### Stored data
-- -- --

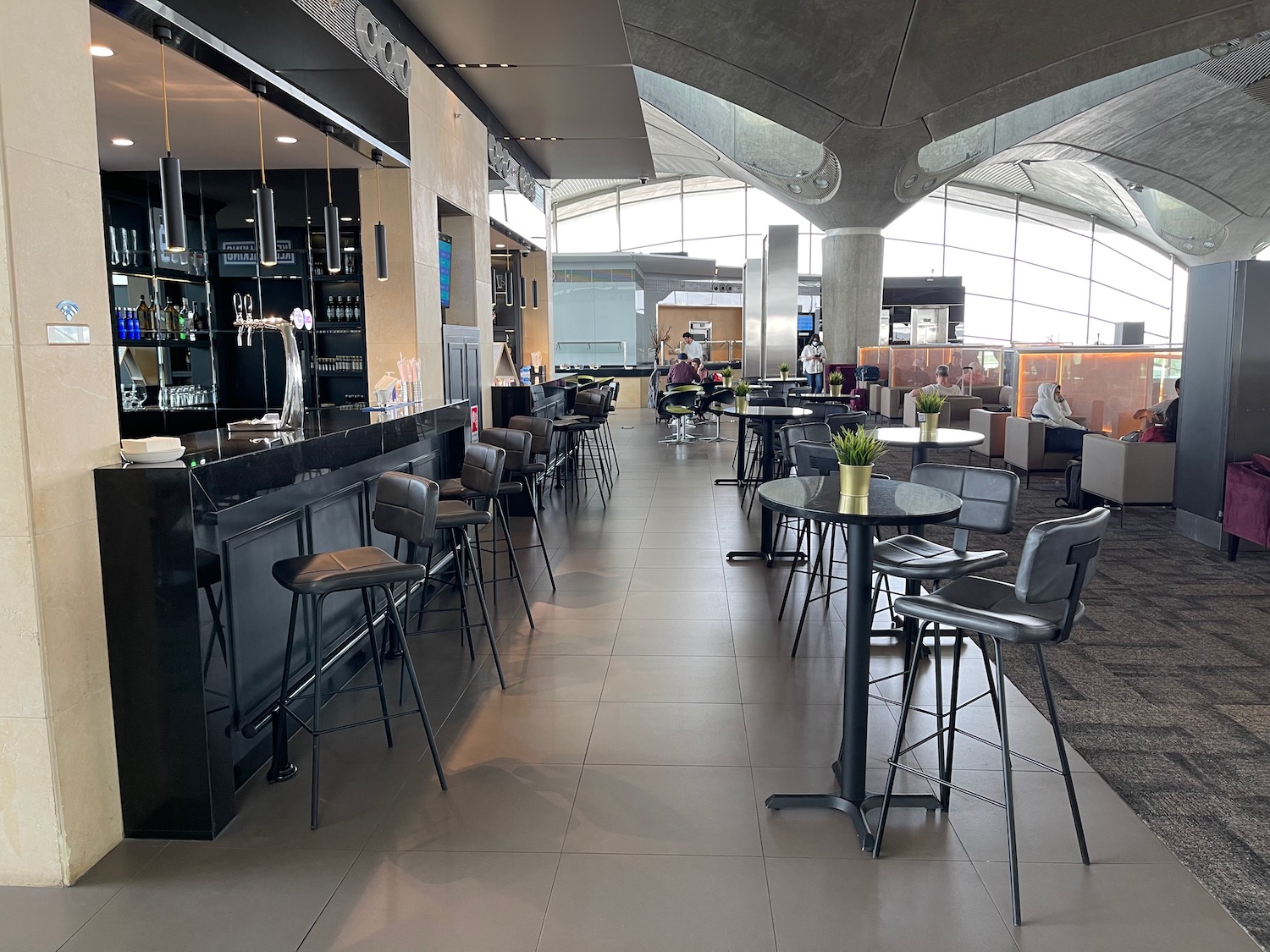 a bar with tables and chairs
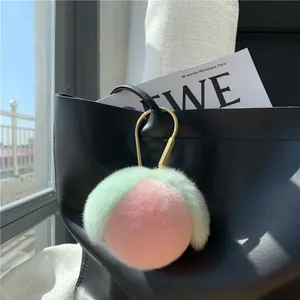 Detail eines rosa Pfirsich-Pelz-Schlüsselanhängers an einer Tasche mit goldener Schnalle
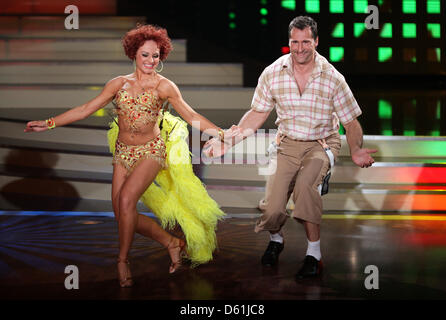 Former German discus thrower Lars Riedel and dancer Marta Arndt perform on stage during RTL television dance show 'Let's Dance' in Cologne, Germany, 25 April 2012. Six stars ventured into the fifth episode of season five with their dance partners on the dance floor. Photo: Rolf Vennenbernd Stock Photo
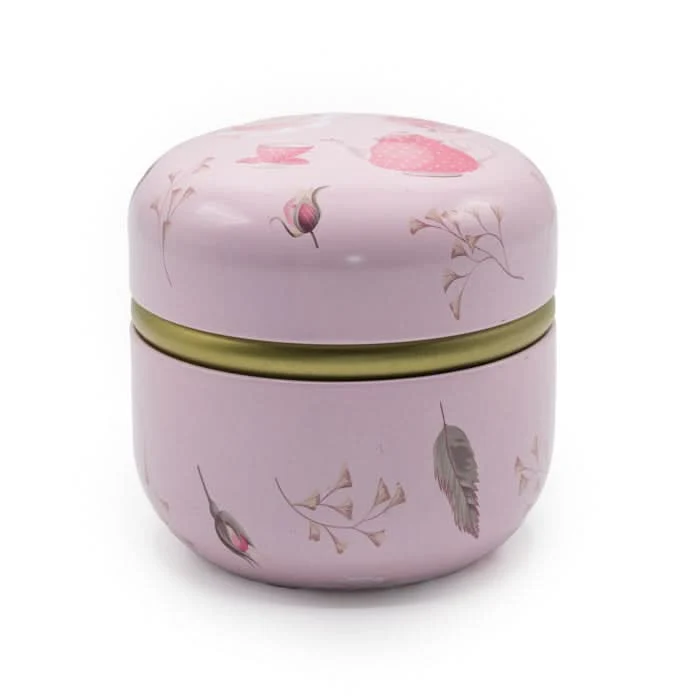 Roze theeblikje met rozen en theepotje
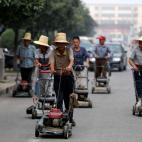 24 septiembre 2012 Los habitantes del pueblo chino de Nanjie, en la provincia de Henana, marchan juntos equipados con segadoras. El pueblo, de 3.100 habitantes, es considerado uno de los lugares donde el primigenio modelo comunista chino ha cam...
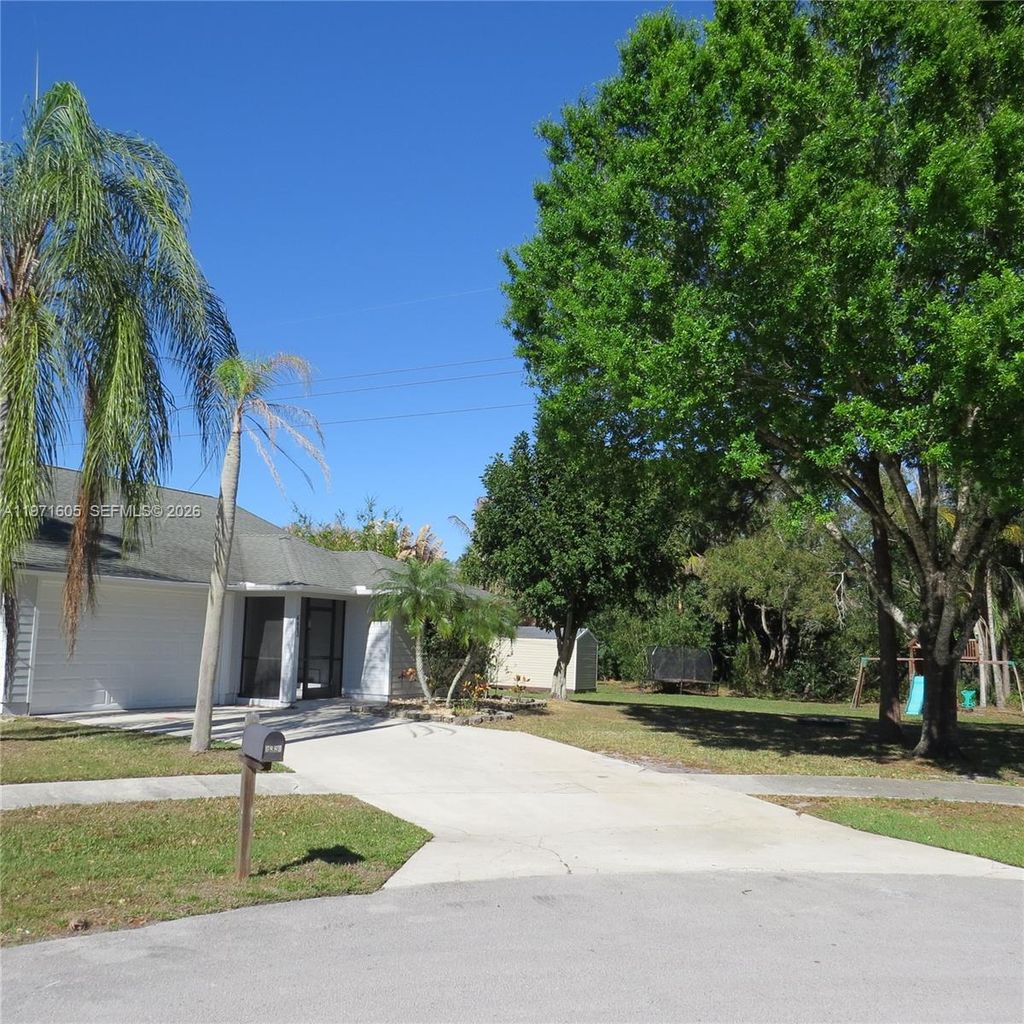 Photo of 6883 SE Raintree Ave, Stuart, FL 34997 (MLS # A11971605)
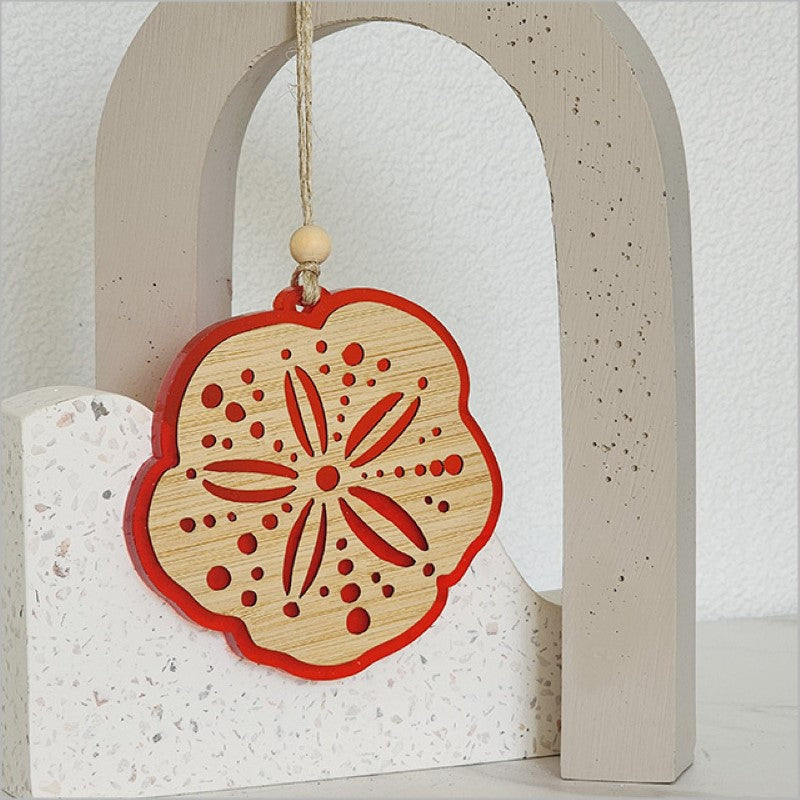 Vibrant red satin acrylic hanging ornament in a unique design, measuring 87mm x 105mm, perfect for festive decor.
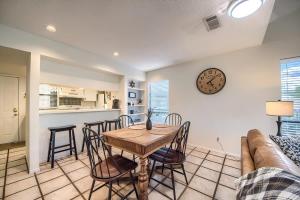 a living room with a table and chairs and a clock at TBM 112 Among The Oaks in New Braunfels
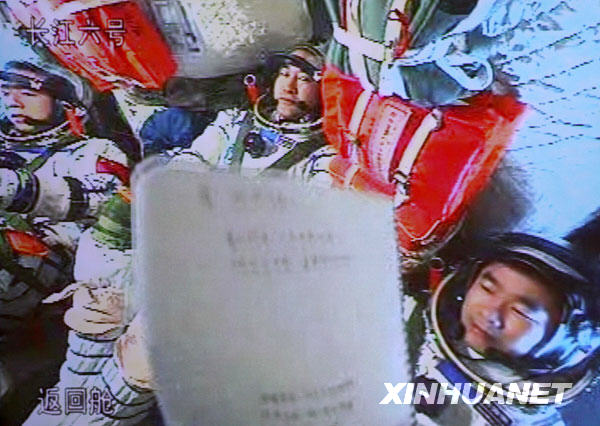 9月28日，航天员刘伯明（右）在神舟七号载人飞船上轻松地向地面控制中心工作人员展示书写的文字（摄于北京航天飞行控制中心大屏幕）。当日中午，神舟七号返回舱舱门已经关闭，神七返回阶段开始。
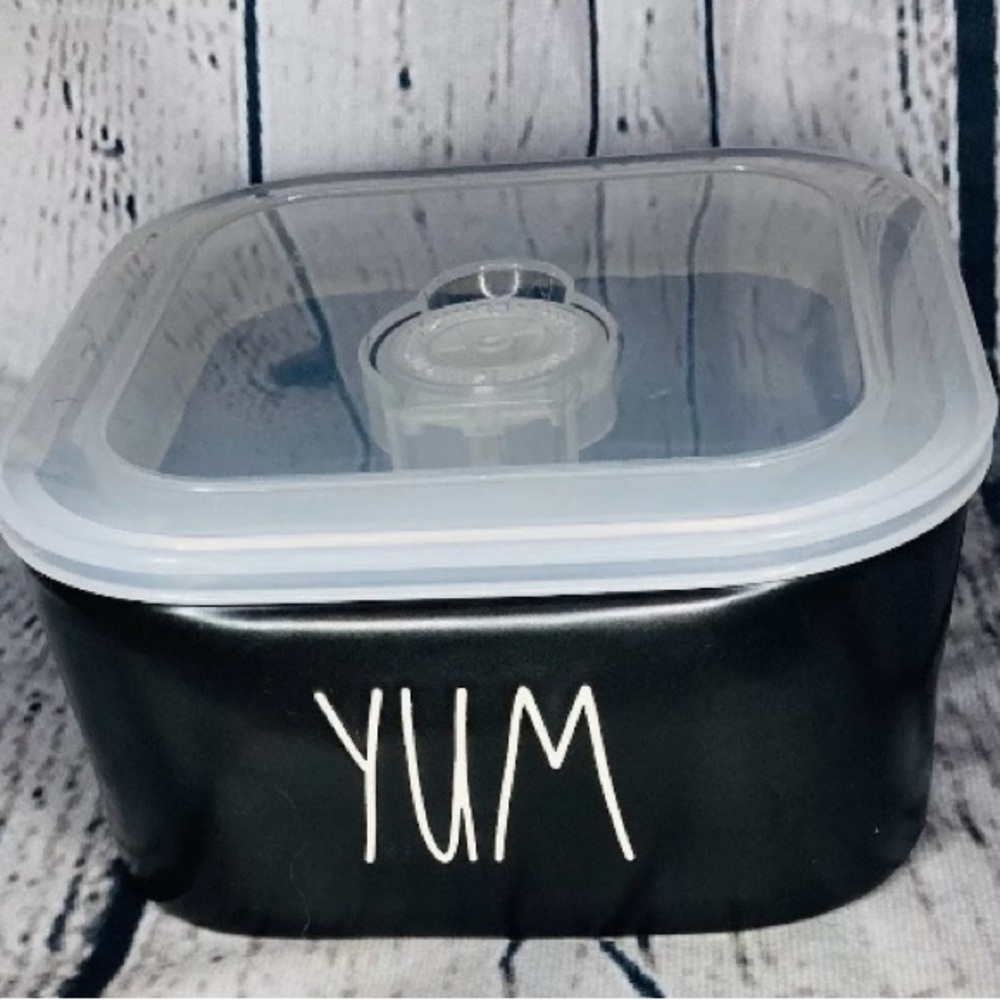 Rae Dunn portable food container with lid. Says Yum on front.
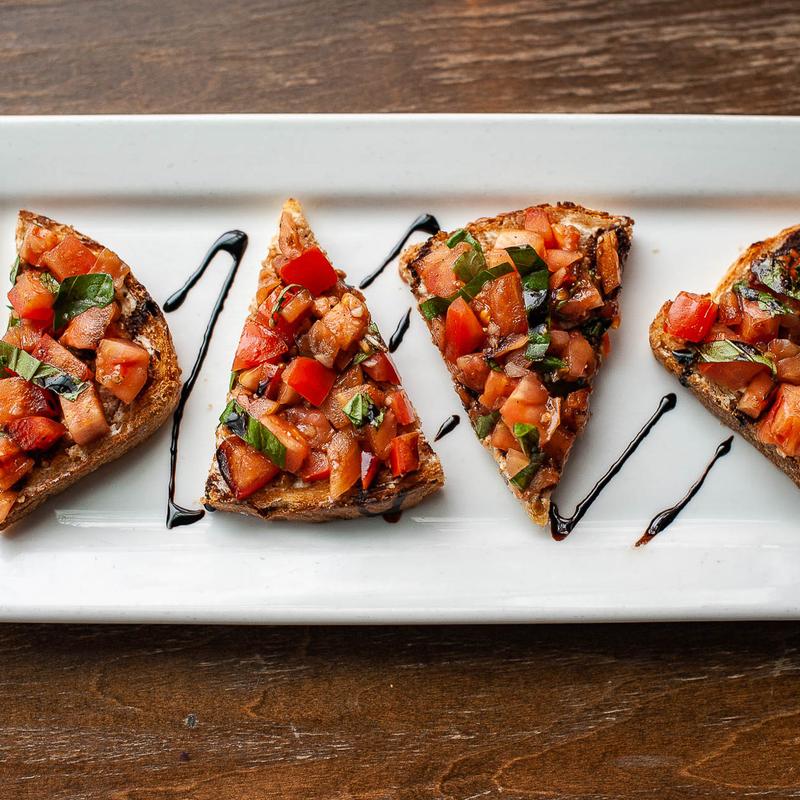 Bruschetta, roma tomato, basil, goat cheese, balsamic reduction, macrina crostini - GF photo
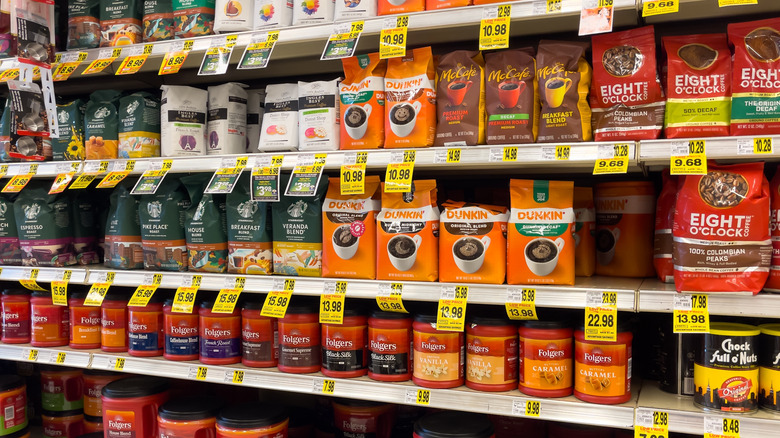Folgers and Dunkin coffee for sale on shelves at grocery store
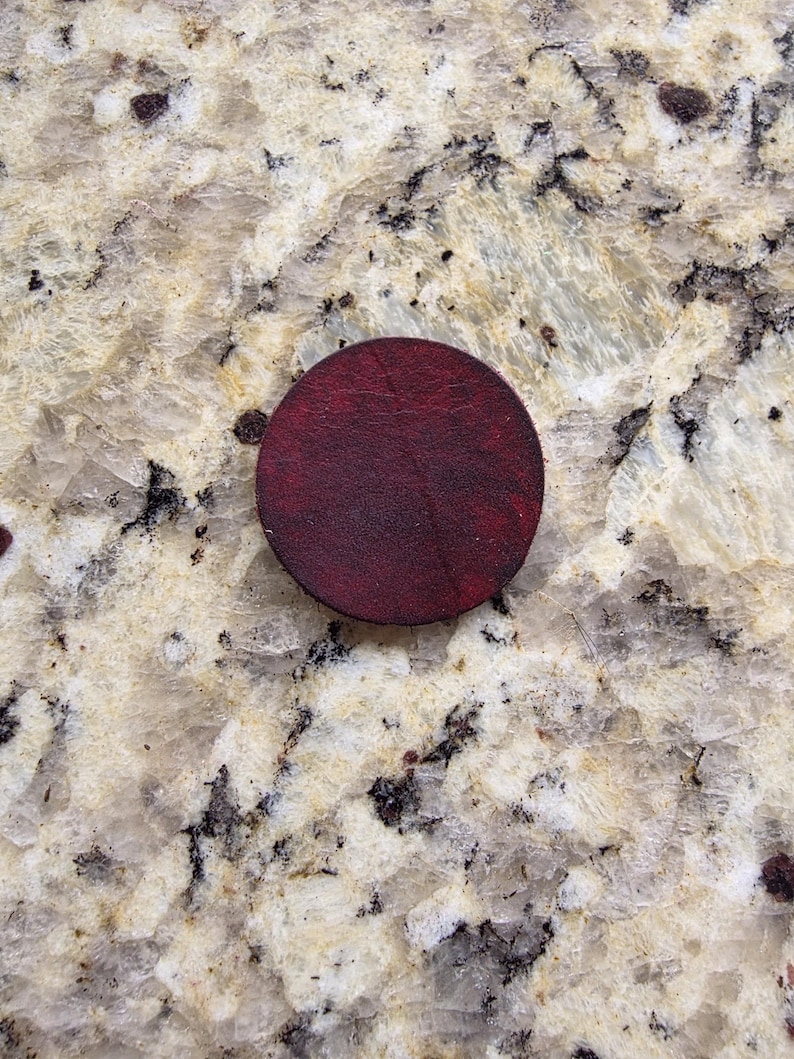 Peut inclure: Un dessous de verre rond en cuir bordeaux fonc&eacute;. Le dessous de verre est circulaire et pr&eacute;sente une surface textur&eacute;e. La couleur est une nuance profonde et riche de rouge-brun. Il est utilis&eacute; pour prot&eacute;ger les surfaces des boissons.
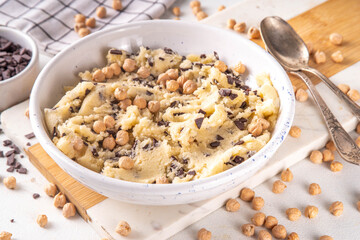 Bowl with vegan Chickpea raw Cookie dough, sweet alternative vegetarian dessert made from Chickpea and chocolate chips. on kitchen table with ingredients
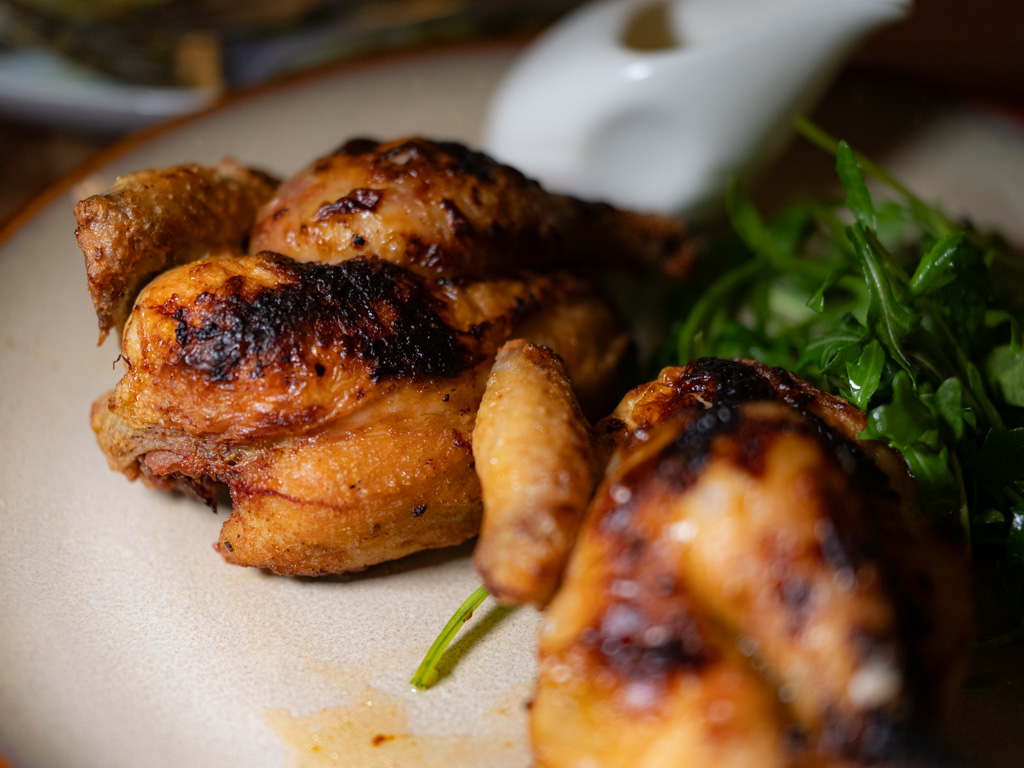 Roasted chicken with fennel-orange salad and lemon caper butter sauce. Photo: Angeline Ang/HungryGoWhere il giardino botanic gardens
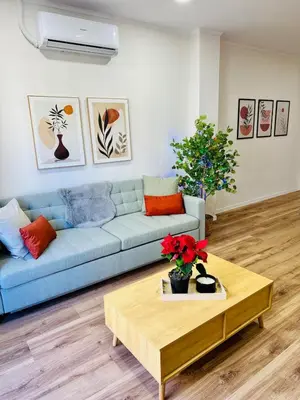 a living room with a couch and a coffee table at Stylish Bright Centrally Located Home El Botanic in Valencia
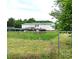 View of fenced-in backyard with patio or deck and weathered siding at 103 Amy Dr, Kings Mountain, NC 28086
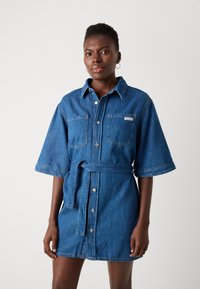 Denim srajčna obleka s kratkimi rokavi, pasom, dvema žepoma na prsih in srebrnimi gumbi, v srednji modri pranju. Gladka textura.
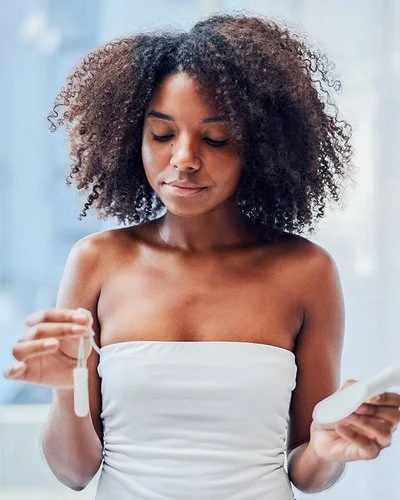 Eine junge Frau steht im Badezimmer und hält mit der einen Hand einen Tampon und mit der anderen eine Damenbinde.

-- -- --

### Required action
Please print each entry exactly as it stands, without the pictures.

### Your solution
 a bar with tables and chairs
 Detail eines rosa Pfirsich-Pelz-Schlüsselanhängers an einer Tasche mit goldener Schnalle
 Former German discus thrower Lars Riedel and dancer Marta Arndt perform on stage during RTL television dance show 'Let's Dance' in Cologne, Germany, 25 April 2012. Six stars ventured into the fifth episode of season five with their dance partners on the dance floor. Photo: Rolf Vennenbernd Stock Photo
 Roze theeblikje met rozen en theepotje
 24 septiembre 2012 Los habitantes del pueblo chino de Nanjie, en la provincia de Henana, marchan juntos equipados con segadoras. El pueblo, de 3.100 habitantes, es considerado uno de los lugares donde el primigenio modelo comunista chino ha cam...
 Photo of 6883 SE Raintree Ave, Stuart, FL 34997 (MLS # A11971605)
 Vibrant red satin acrylic hanging ornament in a unique design, measuring 87mm x 105mm, perfect for festive decor.
 a living room with a table and chairs and a clock at TBM 112 Among The Oaks in New Braunfels
 9月28日，航天员刘伯明（右）在神舟七号载人飞船上轻松地向地面控制中心工作人员展示书写的文字（摄于北京航天飞行控制中心大屏幕）。当日中午，神舟七号返回舱舱门已经关闭，神七返回阶段开始。
 Rae Dunn portable food container with lid. Says Yum on front.
 Bruschetta, roma tomato, basil, goat cheese, balsamic reduction, macrina crostini - GF photo
Folgers and Dunkin coffee for sale on shelves at grocery store
 Peut inclure: Un dessous de verre rond en cuir bordeaux fonc&eacute;. Le dessous de verre est circulaire et pr&eacute;sente une surface textur&eacute;e. La couleur est une nuance profonde et riche de rouge-brun. Il est utilis&eacute; pour prot&eacute;ger les surfaces des boissons.
 Bowl with vegan Chickpea raw Cookie dough, sweet alternative vegetarian dessert made from Chickpea and chocolate chips. on kitchen table with ingredients
 Roasted chicken with fennel-orange salad and lemon caper butter sauce. Photo: Angeline Ang/HungryGoWhere il giardino botanic gardens
 a living room with a couch and a coffee table at Stylish Bright Centrally Located Home El Botanic in Valencia
 View of fenced-in backyard with patio or deck and weathered siding at 103 Amy Dr, Kings Mountain, NC 28086
 Denim srajčna obleka s kratkimi rokavi, pasom, dvema žepoma na prsih in srebrnimi gumbi, v srednji modri pranju. Gladka textura.
 Eine junge Frau steht im Badezimmer und hält mit der einen Hand einen Tampon und mit der anderen eine Damenbinde.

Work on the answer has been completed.